NEW YORK — There is no German-style “works council” for employees at Volkswagen USA. Then, last week, 1,500 workers of the Volkswagen Chattanooga Assembly Plant, in Tennessee, voted by secret ballot against being represented by the United Auto Workers (UAW). Without membership of that union, setting up a works council is not possible under American law.
For Volkswagen as a company the vote means relatively little — but it means a great deal in terms of labor relations in American industry. And it’s also a setback for the chair of the VW works council back at the German company’s headquarters in Wolfsburg, who had been heavily invested in the “Works Council in Chattanooga” project, and now finds himself without a partner in the U.S.
It’s mainly a resounding defeat for the UAW, one of the last relevant traditional industry unions in the U.S. President Bob King knew what the issue was with VW: If the union wants to stay relevant at a national level in the future it must be capable of organizing not only General Motors, Ford and Chrysler but also the until now union-less production sites of foreign manufacturers like VW, BMW, Daimler and Toyota that are mostly located in the southern states.
Don’t rock the boat
But if it doesn’t work at VW, where will it work? The model of the works council, which exists in other forms in Europe, is especially widespread in Germany, where local boards comprised of both employees and management implement national labor agreements in a way that makes sense at their particular workplace.
In the past few weeks Republican politicians and conservative groups spent a lot of money on an anti-UAW offensive, but the union’s chances remained relatively good before the vote. Unlike the situation at other plants, VW management was not fighting the union and officially took a neutral stance towards the vote, and a rather friendly unofficial line.
The workers nevertheless decided they didn’t want the union; they feared the build-up of an atmosphere of hostility and the loss of jobs if the union were to prevail; whereas they presently feel decently treated — and paid — at VW.
The Chattanooga case shows with brutal clarity that the American model of the scrappy industry union has seen its day — and this despite the growing anger of Americans at the country’s extreme economic inequality. Still relevant are unions for firefighters, police officers, teachers and other public sector employees whose jobs are relatively secure. In future-oriented areas like Silicon Valley unions play no role at all, and they’ve had to step back from traditional industrial sectors.

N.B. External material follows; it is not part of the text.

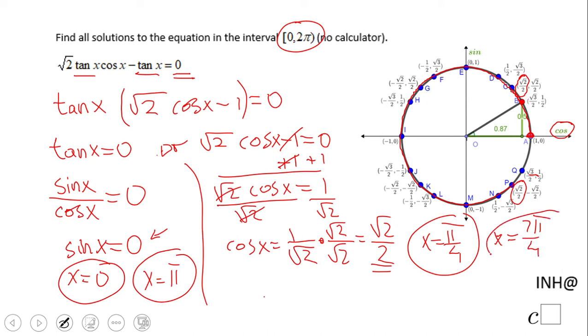These are the solutions for this trigonometric equation. If you enjoyed this video, don't forget to click the like button and comment on C-squared for more help. Thank you.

But that doesn’t mean that the German works council model has become uninteresting for the Americans. On the contrary. During the big showdown in Chattanooga, both conservatives and progressives showed broad sympathy for the idea of cooperative labor relations in companies. With regard to the works council, the UAW explicitly presented itself as a reformed organization that had forsworn the bellicose stances of the past. But the claim was put forward too late to be credible.
If IG Metall and the Wolfsburg works councils are serious about their model, then in the future they should spend less energy lobbying for German support and focus more on developing models with American experts to find a way for a works council to be possible under existing legal stipulations.
The regulation that says that a works council is only possible when the company belongs to a union protects workers was meant to hinder the creation of bodies that might actually favor employers. The works council goal can surely be realized without sacrificing cooperative labor relations. It could be that the Chattanooga vote opens the road to genuine reform in America.